There has recently been a series of papers in various journals, looking at the proportion of high-impact papers with women as lead authors. This article is a good starting point to track the discussion, and it is apparent that generally women are less represented in high-impact journals than would be expected based on the proportion of women academics and recipients of high profile grants. Here’s an extract of the article:
“We began by looking at first authors (…). We expected over 40 percent to be women, similar to the percentage of women postdocs in neuroscience in the U.S. and Europe. Instead, fewer than 25 percent first authors in the journals Nature and Science were women. Our findings were similar for last authors (…). We expected the numbers to match large National Institutes of Health grants, (…) 30 percent are awarded to women – comparable to the proportion of women tenure-track faculty in neuroscience. The proportion of women last authors was half what we expected – just over 15 percent of last authors in Science and Nature were women.”

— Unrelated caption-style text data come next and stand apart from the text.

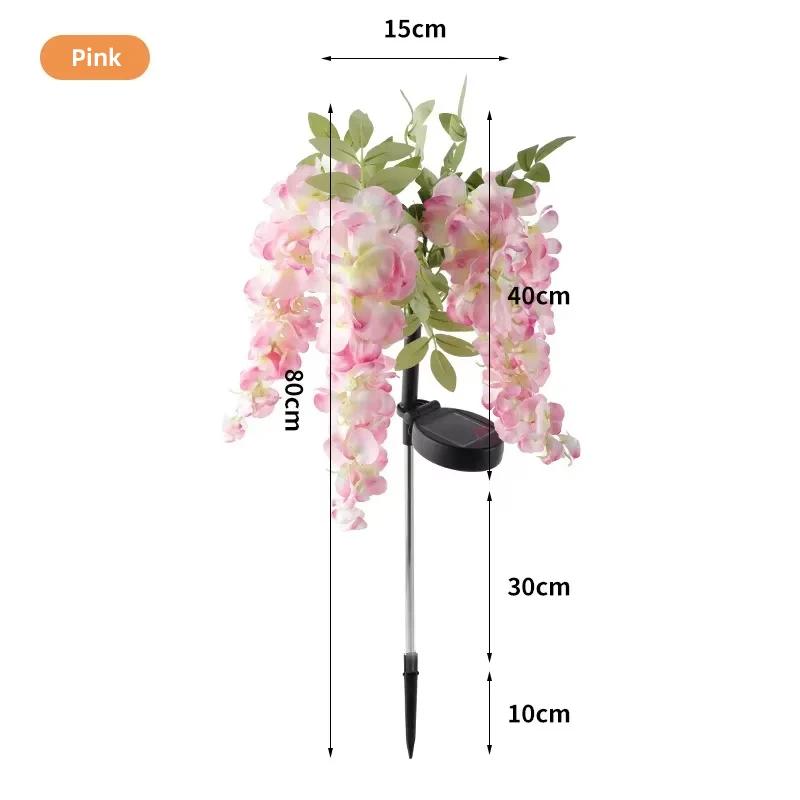 

1pc New Solar Powered Wisteria Flower Lamp, Outdoor Plug-in Grounding Lamp, Garden Passage Lighting, Outdoor Lighting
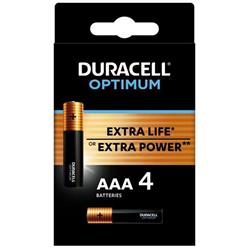 Alkalické batérie Duracell Optimum, 4 ks (AAA)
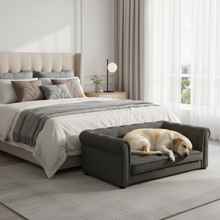 Labrador Retriever napping on elevated dog bed in bedroom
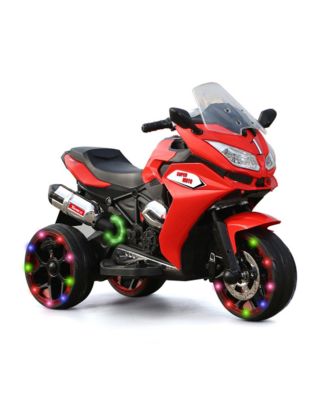 12V Kids Electric Motorcycle - 3-Wheel Battery Powered Ride On Motorbike, Rechargeable, Light-Up Wheels, Children Electric Ride On Car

Potential reasons to explain include not only systemic bias in the publishing pipeline, but also a potential tendency for women to be more conservative when evaluating their chances of making it past the very high rejection rates of such journals. This last one has been raised in other contexts as well, but always sounds slightly circular to me. If women have less chance of making it into those journals due to implicit bias, then academically successful women quickly learn to avoid submiting to those journals to avoid delays in publishing their work.